• [Task brief] Report, from the records below, every line where the word "voor" appears.

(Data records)

= Beginning of Section =

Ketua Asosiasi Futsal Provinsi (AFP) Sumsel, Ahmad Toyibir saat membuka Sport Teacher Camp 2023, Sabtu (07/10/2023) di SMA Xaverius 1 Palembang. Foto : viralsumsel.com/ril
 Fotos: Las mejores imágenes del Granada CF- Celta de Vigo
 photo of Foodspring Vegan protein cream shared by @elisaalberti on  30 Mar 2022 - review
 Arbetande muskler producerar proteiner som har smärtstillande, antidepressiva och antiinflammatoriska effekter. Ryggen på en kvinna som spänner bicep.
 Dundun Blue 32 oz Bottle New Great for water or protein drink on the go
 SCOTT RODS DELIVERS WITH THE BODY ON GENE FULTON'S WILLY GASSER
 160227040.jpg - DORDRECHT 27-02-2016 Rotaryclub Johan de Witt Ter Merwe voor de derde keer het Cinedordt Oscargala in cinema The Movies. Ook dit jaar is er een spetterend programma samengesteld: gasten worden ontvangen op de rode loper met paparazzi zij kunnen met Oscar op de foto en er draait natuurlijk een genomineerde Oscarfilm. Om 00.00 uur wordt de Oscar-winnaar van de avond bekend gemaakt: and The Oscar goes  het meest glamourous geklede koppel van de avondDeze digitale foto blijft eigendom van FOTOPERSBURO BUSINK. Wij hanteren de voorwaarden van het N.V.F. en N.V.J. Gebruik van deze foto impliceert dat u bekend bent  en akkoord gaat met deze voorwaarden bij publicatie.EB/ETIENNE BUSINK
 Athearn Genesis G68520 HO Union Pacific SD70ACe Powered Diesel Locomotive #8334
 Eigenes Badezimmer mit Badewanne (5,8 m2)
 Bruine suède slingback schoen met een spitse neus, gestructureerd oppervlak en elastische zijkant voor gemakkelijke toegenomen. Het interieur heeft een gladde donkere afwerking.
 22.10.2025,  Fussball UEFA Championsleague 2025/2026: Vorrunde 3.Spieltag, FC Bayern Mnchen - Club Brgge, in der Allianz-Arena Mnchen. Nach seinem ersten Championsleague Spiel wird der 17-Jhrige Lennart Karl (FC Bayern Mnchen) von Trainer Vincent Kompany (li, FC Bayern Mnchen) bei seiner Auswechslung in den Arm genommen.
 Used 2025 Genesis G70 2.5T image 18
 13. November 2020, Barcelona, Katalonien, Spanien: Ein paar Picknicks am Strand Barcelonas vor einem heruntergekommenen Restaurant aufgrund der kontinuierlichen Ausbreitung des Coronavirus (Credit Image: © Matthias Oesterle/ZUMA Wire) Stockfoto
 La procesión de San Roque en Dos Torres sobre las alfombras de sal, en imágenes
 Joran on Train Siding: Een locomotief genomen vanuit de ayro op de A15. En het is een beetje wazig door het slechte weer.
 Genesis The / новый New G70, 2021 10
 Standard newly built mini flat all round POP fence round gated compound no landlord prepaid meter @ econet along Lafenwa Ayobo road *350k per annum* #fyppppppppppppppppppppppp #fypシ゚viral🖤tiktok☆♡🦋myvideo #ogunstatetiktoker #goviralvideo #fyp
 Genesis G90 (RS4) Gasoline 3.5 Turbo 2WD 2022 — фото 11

= End of Section =

• [Response to this exercise]
 160227040.jpg - DORDRECHT 27-02-2016 Rotaryclub Johan de Witt Ter Merwe voor de derde keer het Cinedordt Oscargala in cinema The Movies. Ook dit jaar is er een spetterend programma samengesteld: gasten worden ontvangen op de rode loper met paparazzi zij kunnen met Oscar op de foto en er draait natuurlijk een genomineerde Oscarfilm. Om 00.00 uur wordt de Oscar-winnaar van de avond bekend gemaakt: and The Oscar goes  het meest glamourous geklede koppel van de avondDeze digitale foto blijft eigendom van FOTOPERSBURO BUSINK. Wij hanteren de voorwaarden van het N.V.F. en N.V.J. Gebruik van deze foto impliceert dat u bekend bent  en akkoord gaat met deze voorwaarden bij publicatie.EB/ETIENNE BUSINK
 Bruine suède slingback schoen met een spitse neus, gestructureerd oppervlak en elastische zijkant voor gemakkelijke toegenomen. Het interieur heeft een gladde donkere afwerking.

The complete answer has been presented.